Year(s) Funded: 2025-2026
Topic(s): Health Services, Healthcare Access, Hospitals and Clinics, Maternal Health, Women
Project Lead: Katy Kozhimannil
This project will build on UMNRHRC’s dataset on maternity care access, which now includes neonatal care at US hospitals. It will describe access to childbirth-related care for families living in rural communities, with a focus on neonatal care for infants with acute clinical needs. While basic well-infant care is routinely provided in conjunction with basic obstetric care, this project will examine access to higher-level neonatal care, which provides specialty care to infants with unexpected complications or conditions immediately after birth. Understanding the availability of higher-level neonatal care for rural communities compared with urban communities is not yet known. Additionally, recognizing the factors that predict whether a rural community has access to higher-level neonatal care can help inform clinical and policy efforts to ensure availability and access to essential, life-saving infant care at the time of childbirth.

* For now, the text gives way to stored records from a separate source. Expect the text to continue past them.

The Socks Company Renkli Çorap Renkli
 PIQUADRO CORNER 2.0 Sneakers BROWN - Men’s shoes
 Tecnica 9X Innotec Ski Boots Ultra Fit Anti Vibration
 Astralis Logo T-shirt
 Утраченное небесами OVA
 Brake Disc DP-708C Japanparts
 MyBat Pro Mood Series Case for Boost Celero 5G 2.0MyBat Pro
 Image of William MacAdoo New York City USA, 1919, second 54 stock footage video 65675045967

This project seeks to identify and describe 1) characteristics of rural and urban counties with and without access to higher-level neonatal care, 2) mapping rural and urban counties with a) no obstetric/well-infant and no higher-level neonatal care, b) obstetric/well-infant but no higher-level neonatal care, or c) both obstetric/well-infant and higher-level neonatal care), and 3) independent predictors of discordance in level of obstetric/well-infant and neonatal care available in rural counties. Despite the interdependence of neonatal and obstetric services,3 a comprehensive examination of access to basic and/or specialty childbirth-related hospital-based care is lacking. This project’s goal is to describe access to childbirth-related care for families living in rural and urban communities, including attention to rural communities without access to either neonatal or obstetric services, and those communities with obstetric and well-infant care, but without higher-level neonatal care.